# PROBLEM
Copy out exactly, from the entries that follow, the line holding "A woman with", the line holding "Black Bat Silhouette with Spread Wings", and all lines between them, but no pictures.

# RECORDS FOR PROCESSING
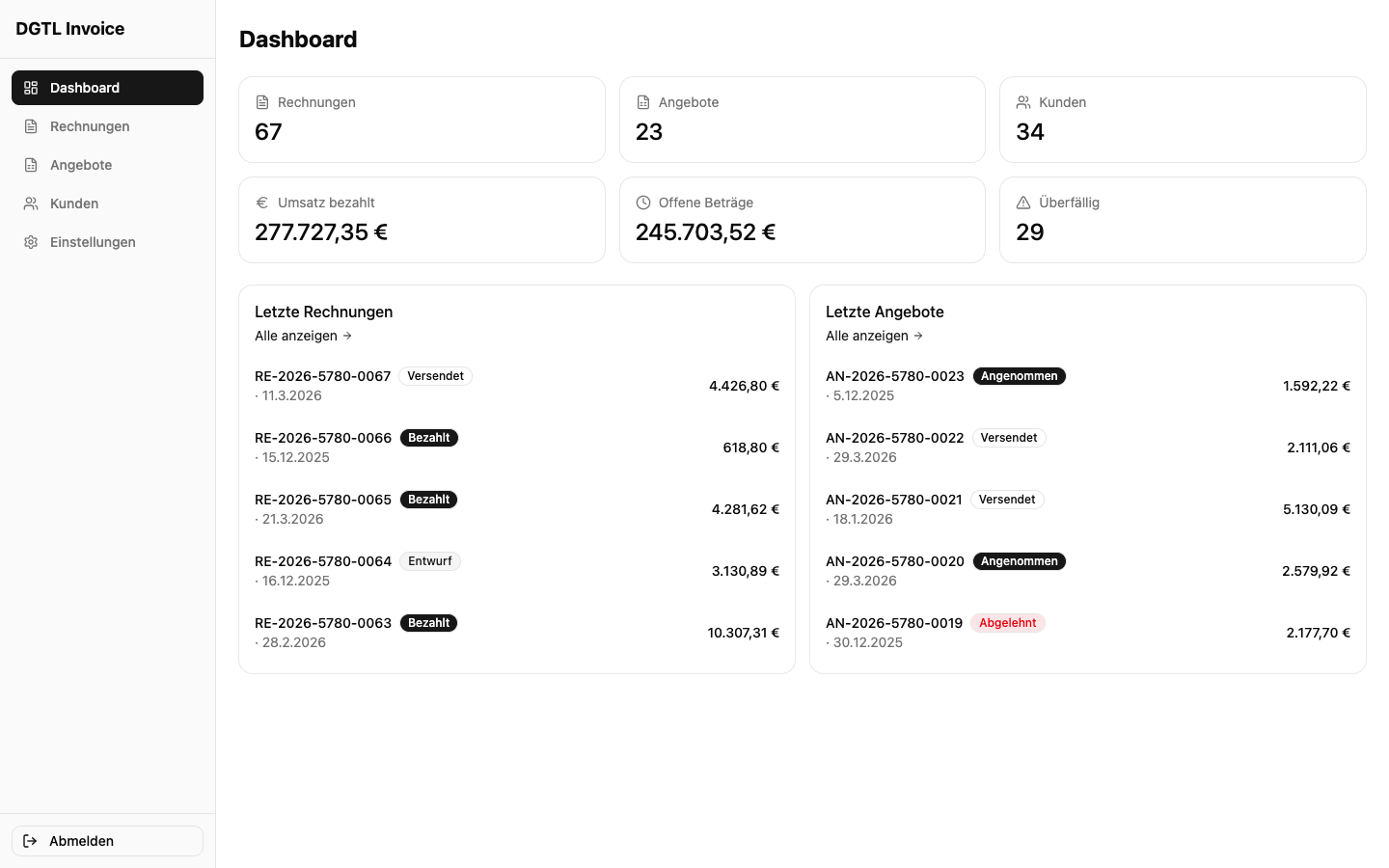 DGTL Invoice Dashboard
* * *
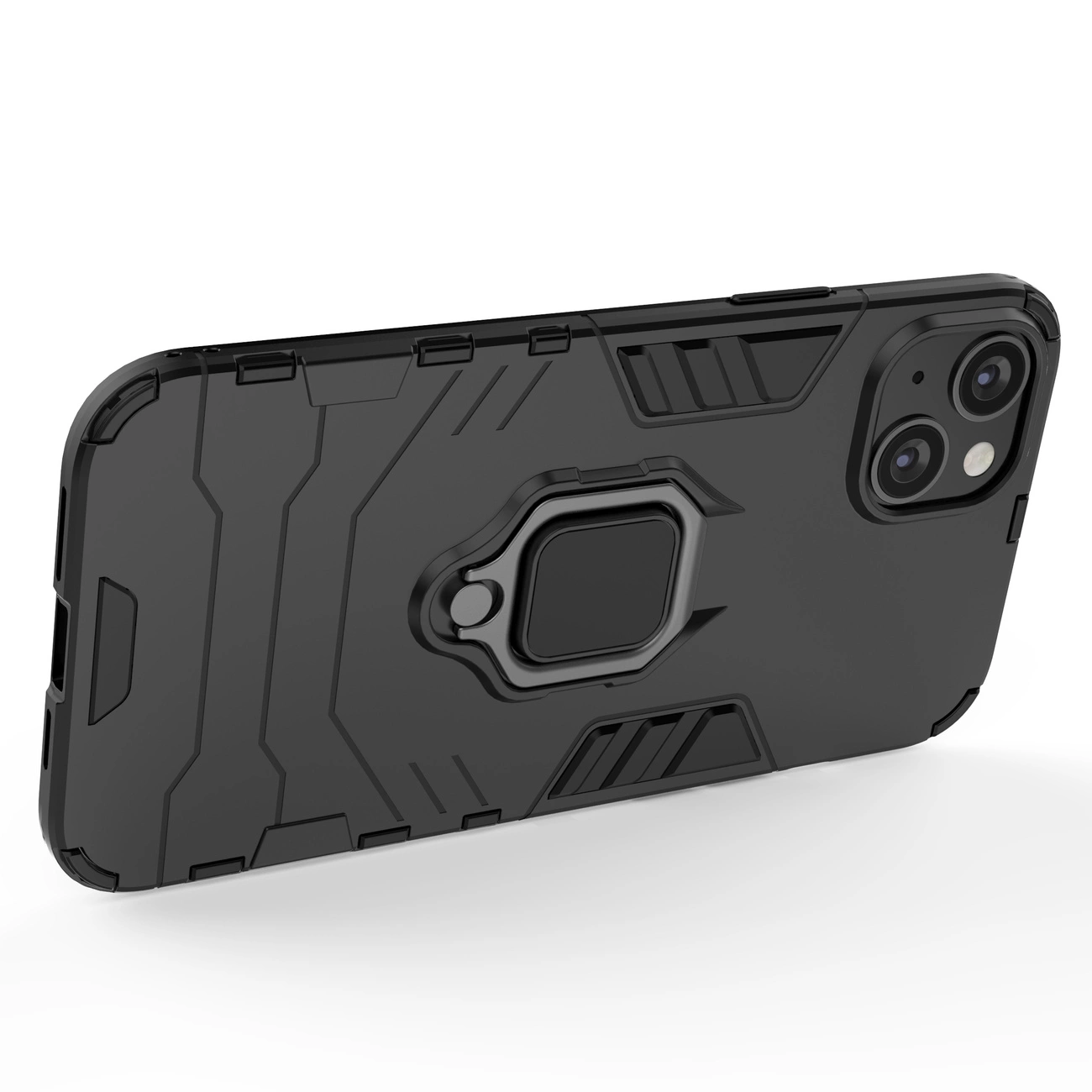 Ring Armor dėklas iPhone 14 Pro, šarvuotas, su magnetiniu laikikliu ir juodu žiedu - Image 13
==
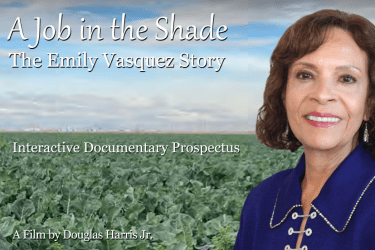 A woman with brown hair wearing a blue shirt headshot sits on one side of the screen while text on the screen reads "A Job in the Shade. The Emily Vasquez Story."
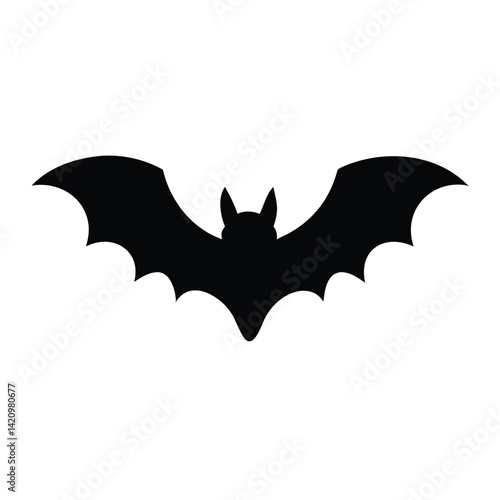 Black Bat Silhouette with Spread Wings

# REPLY
 A woman with brown hair wearing a blue shirt headshot sits on one side of the screen while text on the screen reads "A Job in the Shade. The Emily Vasquez Story."
 Black Bat Silhouette with Spread Wings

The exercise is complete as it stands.